**WORK REQUIRED:** Apart from the pictures, which must be omitted, restate the data exactly.

BEGIN DATA TO USE

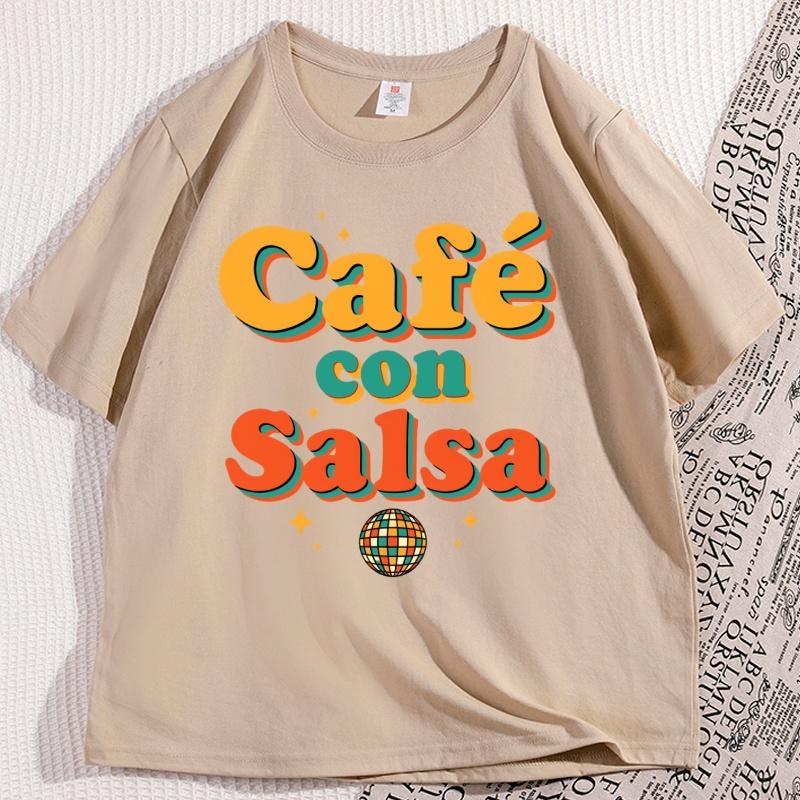 Cafe Con Salsa Unisex Tshirt Latin Music Retro T Shirt Vintage Graphic T Shirts Cotton Short Sleeve Tshirts Streetwear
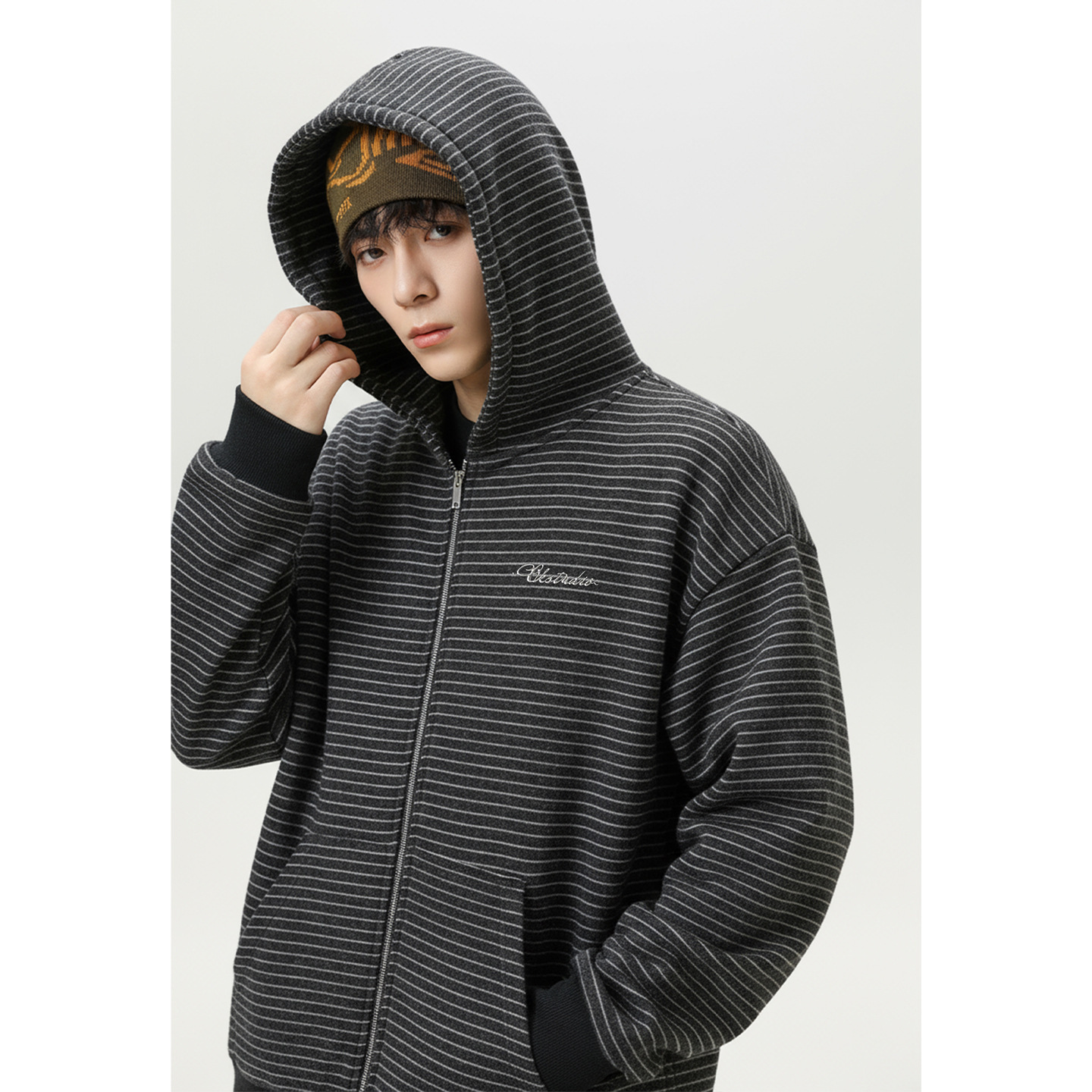 Retro Color-block Striped Cardigan Hoodie Autumn And Winter Style Designer Hoodie Loose Fit Textured Thickened Warm Hoodie Jacket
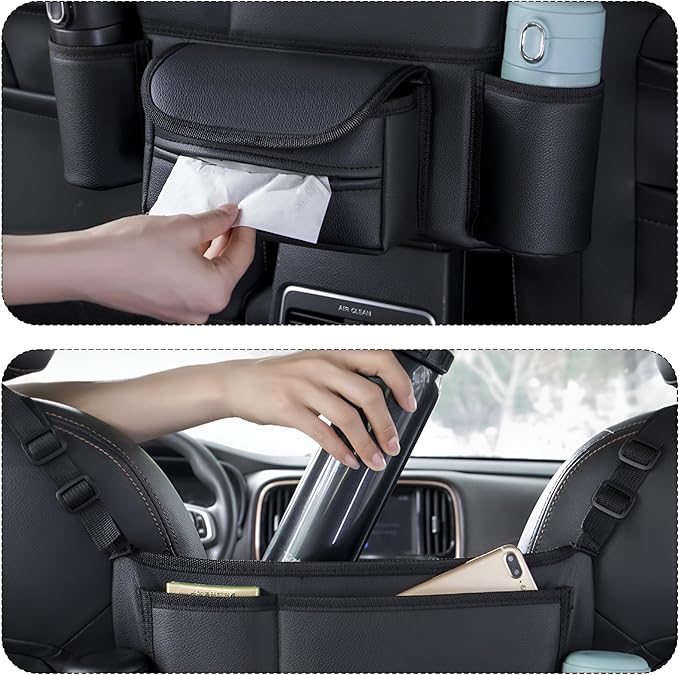 Car Handbag Holder Between Seats, Leather Large Capacity Vehicle Front Seat Storage Bag with Tissue Holder, Multi-Pocket Automotive Console Organizer, Universal for SUV RV Truck (Style1)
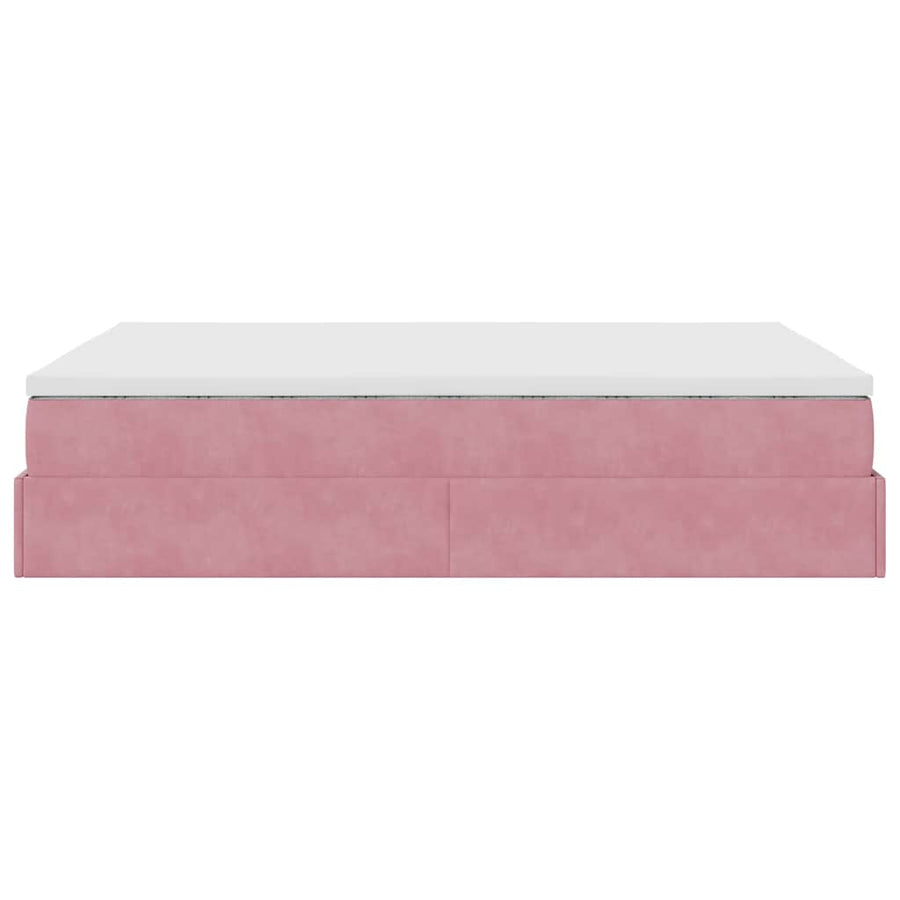 Ottoman bed met matras 140x200cm fluweel roze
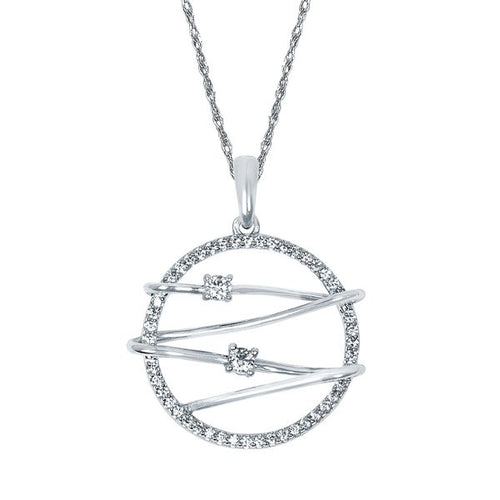 10k White Gold Diamond Pendant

END DATA TO USE

**ANSWER SECTION:**
 Cafe Con Salsa Unisex Tshirt Latin Music Retro T Shirt Vintage Graphic T Shirts Cotton Short Sleeve Tshirts Streetwear
 Retro Color-block Striped Cardigan Hoodie Autumn And Winter Style Designer Hoodie Loose Fit Textured Thickened Warm Hoodie Jacket
 Car Handbag Holder Between Seats, Leather Large Capacity Vehicle Front Seat Storage Bag with Tissue Holder, Multi-Pocket Automotive Console Organizer, Universal for SUV RV Truck (Style1)
 Ottoman bed met matras 140x200cm fluweel roze
 10k White Gold Diamond Pendant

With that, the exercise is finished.